Referred to the cat by the Cherub's name and vice versa? "Whoops I Did It Agehhhn".


There comes Brit, in all her glory, following me around like some kind of creepy shadowy stalker, simply to rub it in when I mess up.....again.


And again.


And again.


And agehhhhn.


I am currently doing a liver cleansing detox (as those of you who have already read previous posts will know). I must say that I am going better on this than I thought I would. What I actually mean by that, is that I haven't COMPLETELY fallen off the wagon.
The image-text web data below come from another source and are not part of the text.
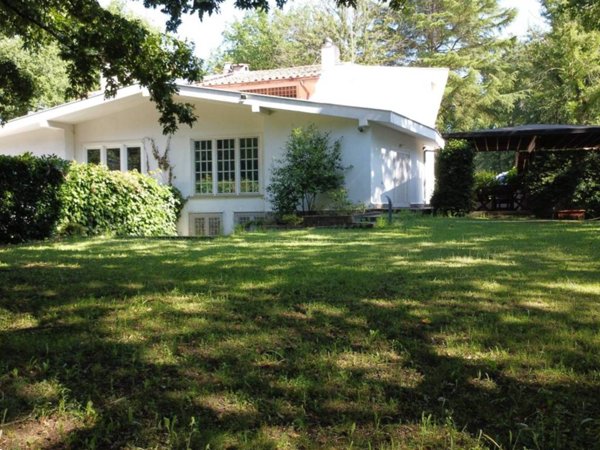 casa indipendente in vendita a Formello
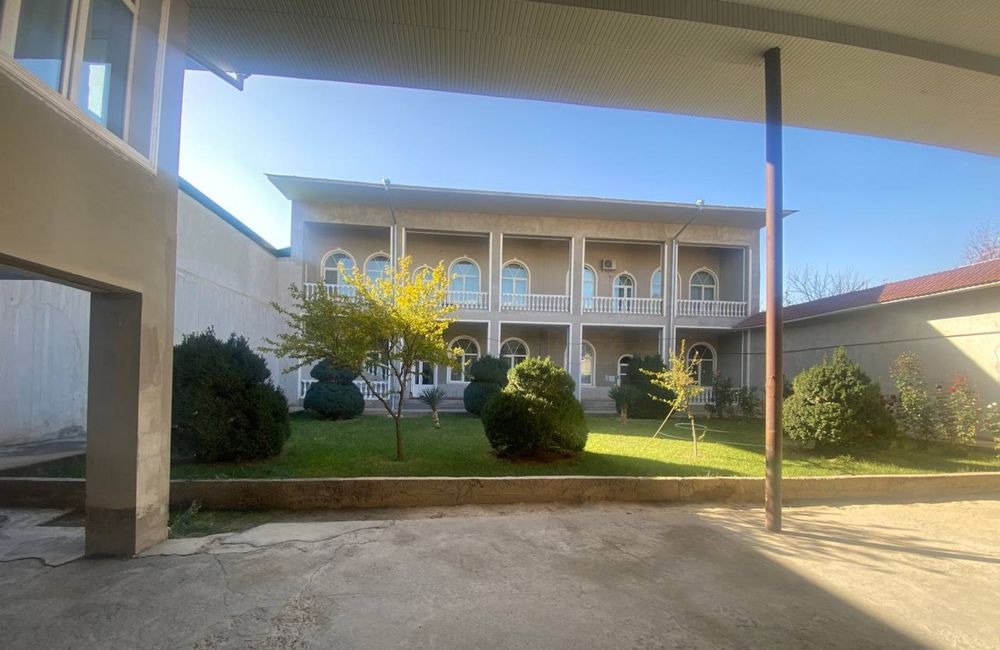 For sale 16-room house, 10.5 m² · Almazar — photo 5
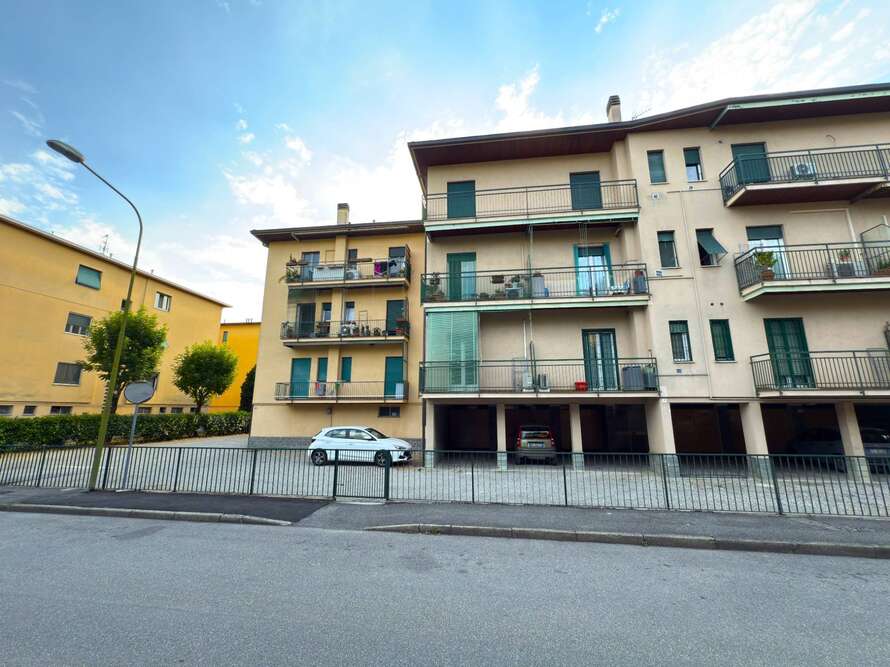 appartamento di 4 locali a vimercate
I had expected by now that I would have been very much over the healthy eating plan, but no, I am still plugging along, albeit at a lesser pace than I took it for the first two weeks. These were the weeks when I was almost obsessive about what I ate (or didn't), what I drank (or didn't), when I used the toilet for number ones (get out the book, write it down), or number twos (get out the book, write it down)....you get my drift.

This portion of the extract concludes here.